Sure, in that macro sense, but on a more micro level, during the actual writing process, some approaches are more reliant on outlining the skeletal structure to feed the narrative, versus the narrative feeding the structure.

Yeah, with me, even though I’m well aware of structure and where the act breaks should be, the narrative is first. It’s difficult to say which is the chicken and which is the egg. You know in the back of your head that the structure is there, the act, and so forth.

Do you think you’ve gotten better at translating your creative intention to the form as a screenwriter?

I don’t know if I’ve gotten better. In some cases, I’ve probably gotten longer, and I think I’m more confident. I’ve always been somewhat self-assured, but as I’ve gotten older I’ve developed more of a confidence.

If I have any sort of strength it’s that I’m willing to fail. I’ve always been willing to try things that might not work, which probably comes from a hint of arrogance.

Is there any single thing you’ve honed in your process over the years that seems most significant to you, that if you could go back, you wish you had understood?

I think probably patience. I was more impatient before about trying to make things occur creatively. Now, I’m less frustrated by that. I just think it will come.

You’re not muscling the creative process?
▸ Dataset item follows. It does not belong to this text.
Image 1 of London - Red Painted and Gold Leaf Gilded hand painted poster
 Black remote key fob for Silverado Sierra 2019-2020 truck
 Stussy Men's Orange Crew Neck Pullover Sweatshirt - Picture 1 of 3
I’m not forcing square pegs into round holes. It will come to you, whether it’s in a dream or some song you hear or a feeling you have or some memory. I don’t know what the reasons are, whether they’re subconscious or unconscious, but something always seems to save the day.

You just have to be and wait?

Yeah, I think waiting is really important. I mean, it’s not like I’m just waiting. I keep doing it everyday. I go back to page one and start writing again. All scripts I start, I just keep writing the first 20 pages, the first chapter until I get it right, and then I know what the rest of the script should be.

It’s amazing how every screenwriter seems to have that tipping point where the script is cracked. For some, it’s the outline, for some, the first full draft.

It is amazing. I don’t ever wonder, “How am I going to get from page 25 to page 85?” All of a sudden you’re just there [to page 25], and then it’s sort of a dream in a way. You feel completely satisfied with what you’re going to end up doing. You feel, This is great. Now I can end this, and all these things I’ve started can take off in a way.